One of the key projects of the Edwin Morgan Centenary Celebrations is the publication of the Edwin Morgan Twenties, published by Polygon, each taking on a major theme of Edwin Morgan’s work and introduced by literary luminaries Jackie Kay, Liz Lochhead, Michael Rosen, Ken MacLeod and Ali Smith. We are delighted to offer a taster of each Twenty, and they are also available altogether in a gorgeous box set.

 

The Edwin Morgan Twenties Box Set (Love, Menagerie, Take Heart, Scotland, Space and Spaces)
By Edwin Morgan
Published by Polygon

 

Love
Introduced by Jackie Kay

Jackie Kay writes: ‘Morgan’s love poems give you a real sense of this shy, passionate, interesting and interested man, a man who is in awe of the elements and of the natural world, as well as the cultural one, a man who appreciates the intensities of absences, and who knows what a power they have on the imagination.’

 

Love

Love rules. Love laughs. Love marches. Love is the wolf
that guards the gate.
Love is the food of music, art, poetry. It fills us and fuels us
and fires us to create.
Love is terror. Love is sweat. Love is bashed pillow,
crumpled sheet, unenviable fate.
Love is the honour that kills and saves and nothing will ever
let that high ambiguity abate.
Love is the crushed ice that tingles and shivers and clinks
fidgin-fain for the sugar-drenched absinth to fall on it
and alter its state.
With love you send a probe
So far from the globe
No one can name the shoals the voids the belts the zones
the drags the flares it signals all to leave all and to
navigate.

Love and a Life
(Mariscat Press, 2003)

 

Strawberries

There were never strawberries
like the ones we had
that sultry afternoon
sitting on the step
of the open french window
facing each other
your knees held in mine
the blue plates in our laps
the strawberries glistening
in the hot sunlight
we dipped them in sugar
looking at each other
not hurrying the feast
for one to come
the empty plates
laid on the stone together
with the two forks crossed
and I bent towards you
sweet in that air
in my arms
abandoned like a child
from your eager mouth
the taste of strawberries
in my memory
lean back again
let me love you
let the sun beat
on our forgetfulness
one hour of all
the heat intense
and summer lightning
on the Kilpatrick hills
let the storm wash the plates

The Second Life
(Edinburgh University Press, 1968)

 

Menagerie
Introduced by Michael Rosen

Michael Rosen writes: ‘When we came across Edwin’s poems we knew we had found something that was just right for the job.
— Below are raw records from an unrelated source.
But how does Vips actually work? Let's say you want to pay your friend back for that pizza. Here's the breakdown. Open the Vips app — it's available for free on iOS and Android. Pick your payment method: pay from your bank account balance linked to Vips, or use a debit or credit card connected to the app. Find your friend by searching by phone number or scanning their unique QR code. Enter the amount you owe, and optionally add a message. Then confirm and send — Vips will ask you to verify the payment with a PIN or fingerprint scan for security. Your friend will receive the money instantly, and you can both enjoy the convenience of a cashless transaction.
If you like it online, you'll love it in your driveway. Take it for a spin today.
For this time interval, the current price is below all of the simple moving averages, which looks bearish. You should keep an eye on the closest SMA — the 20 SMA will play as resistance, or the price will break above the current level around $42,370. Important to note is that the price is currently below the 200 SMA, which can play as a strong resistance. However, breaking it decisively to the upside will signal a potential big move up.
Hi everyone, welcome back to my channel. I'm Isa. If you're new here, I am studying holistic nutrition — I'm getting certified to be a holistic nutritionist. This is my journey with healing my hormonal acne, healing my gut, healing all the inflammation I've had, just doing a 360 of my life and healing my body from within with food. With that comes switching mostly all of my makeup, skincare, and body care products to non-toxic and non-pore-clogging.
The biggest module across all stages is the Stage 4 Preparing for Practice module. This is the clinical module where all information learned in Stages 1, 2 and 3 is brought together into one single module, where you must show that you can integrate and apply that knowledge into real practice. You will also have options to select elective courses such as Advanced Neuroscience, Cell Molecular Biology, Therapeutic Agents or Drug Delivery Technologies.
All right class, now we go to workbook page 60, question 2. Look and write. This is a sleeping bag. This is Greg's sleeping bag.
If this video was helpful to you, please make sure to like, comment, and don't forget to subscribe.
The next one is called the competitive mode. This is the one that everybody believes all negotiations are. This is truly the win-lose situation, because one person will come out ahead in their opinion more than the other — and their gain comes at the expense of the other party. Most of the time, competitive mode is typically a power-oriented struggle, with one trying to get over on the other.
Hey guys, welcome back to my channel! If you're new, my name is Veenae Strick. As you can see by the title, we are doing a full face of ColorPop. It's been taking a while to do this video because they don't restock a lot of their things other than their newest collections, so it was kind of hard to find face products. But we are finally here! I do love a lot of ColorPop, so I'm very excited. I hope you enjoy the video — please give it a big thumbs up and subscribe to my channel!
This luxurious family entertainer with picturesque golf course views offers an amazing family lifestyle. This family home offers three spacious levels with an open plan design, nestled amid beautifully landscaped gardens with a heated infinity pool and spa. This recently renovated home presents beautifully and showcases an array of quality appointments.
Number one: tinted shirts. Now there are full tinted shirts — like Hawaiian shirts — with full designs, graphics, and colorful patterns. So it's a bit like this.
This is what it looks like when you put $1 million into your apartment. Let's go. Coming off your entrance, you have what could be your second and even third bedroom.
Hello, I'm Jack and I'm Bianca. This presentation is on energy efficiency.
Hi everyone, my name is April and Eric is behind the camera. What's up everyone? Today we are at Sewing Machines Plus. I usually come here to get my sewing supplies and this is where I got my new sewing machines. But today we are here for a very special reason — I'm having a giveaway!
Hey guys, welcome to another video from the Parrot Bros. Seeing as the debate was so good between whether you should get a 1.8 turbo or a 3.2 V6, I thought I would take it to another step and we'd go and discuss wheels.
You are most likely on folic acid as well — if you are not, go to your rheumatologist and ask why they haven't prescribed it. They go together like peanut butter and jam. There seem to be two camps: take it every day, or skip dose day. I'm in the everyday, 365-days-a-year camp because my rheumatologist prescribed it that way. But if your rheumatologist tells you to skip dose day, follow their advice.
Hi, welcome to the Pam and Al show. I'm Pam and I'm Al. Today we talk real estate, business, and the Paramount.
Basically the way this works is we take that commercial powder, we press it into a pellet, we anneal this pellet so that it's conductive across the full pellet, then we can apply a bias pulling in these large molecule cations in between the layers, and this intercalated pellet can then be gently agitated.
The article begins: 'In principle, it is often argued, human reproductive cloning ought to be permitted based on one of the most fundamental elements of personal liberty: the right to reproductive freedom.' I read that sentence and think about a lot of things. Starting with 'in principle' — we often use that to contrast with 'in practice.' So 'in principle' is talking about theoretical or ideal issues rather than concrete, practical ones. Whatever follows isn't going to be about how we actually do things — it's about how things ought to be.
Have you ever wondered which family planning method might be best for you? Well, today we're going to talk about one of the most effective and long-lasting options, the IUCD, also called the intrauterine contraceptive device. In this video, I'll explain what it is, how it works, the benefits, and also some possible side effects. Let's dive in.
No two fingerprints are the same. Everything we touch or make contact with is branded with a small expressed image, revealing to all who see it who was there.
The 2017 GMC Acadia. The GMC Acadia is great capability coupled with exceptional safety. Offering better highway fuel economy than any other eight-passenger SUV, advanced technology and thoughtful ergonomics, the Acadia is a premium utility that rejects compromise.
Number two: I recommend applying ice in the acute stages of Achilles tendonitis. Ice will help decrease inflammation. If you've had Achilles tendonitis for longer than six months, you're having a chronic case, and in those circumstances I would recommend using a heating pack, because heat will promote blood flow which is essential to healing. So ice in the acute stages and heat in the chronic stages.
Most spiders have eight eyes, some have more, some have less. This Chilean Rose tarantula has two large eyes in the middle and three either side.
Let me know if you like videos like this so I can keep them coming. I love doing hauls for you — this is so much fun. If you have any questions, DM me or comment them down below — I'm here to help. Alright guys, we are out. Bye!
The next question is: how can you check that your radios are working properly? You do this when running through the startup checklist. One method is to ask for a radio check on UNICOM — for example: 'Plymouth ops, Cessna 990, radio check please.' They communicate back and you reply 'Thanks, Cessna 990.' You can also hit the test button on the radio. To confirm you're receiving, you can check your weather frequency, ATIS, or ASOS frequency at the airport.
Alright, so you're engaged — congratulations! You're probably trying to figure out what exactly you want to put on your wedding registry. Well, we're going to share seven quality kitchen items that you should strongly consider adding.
We performed them to each other, savouring the words, the subtle changes in rhythm and mood.’

 

A Defence

I am told I should not love him, the magpie,
that he’s a bully, but then I watch them bouncing
along the grass, chattering, black and white and
he and she, twigs in beak, the tree-top swaying
with half a nest in a hail-shower, the magpies
seeing off crows and gulls – a feint of mobbing
but who knows – eyeing a lost swan waddling
down the pavement, off course from Bingham’s waters,
the smart bright bold bad pairing caring magpies
whose nest was blown down last December, back now
to build again, to breed again, to bring us
a batch of tumbling clockwork liquorice allsorts,
spruce, spliced, diced, learning to prance and hurtle
through evening and morning sycamores with what must be
something like happiness, the magpies, cocky,
hungry, handsome, an eye-catching flash for that
black and white collie to bark at, and the black and
white cat lurking under the car-bonnet
to lash a bushy tail at, and this page, seeing
these things, first white, now white and black, to pay its
tribute to, and lay out, thus, its pleasure.

Hold Hands among the Atoms
(Mariscat Press, 1991)

 

The Loch Ness Monster’s Song

Sssnnnwhuffffll?
Hnwhuffl hhnnwfl hnfl hfl?
Gdroblboblhobngbl gbl gl g g g g glbgl.
Drublhaflablhaflubhafgabhaflhafl fl fl –
gm grawwwww grf grawf awfgm graw gm.
Hovoplodok-doplodovok-plovodokot-doplodokosh?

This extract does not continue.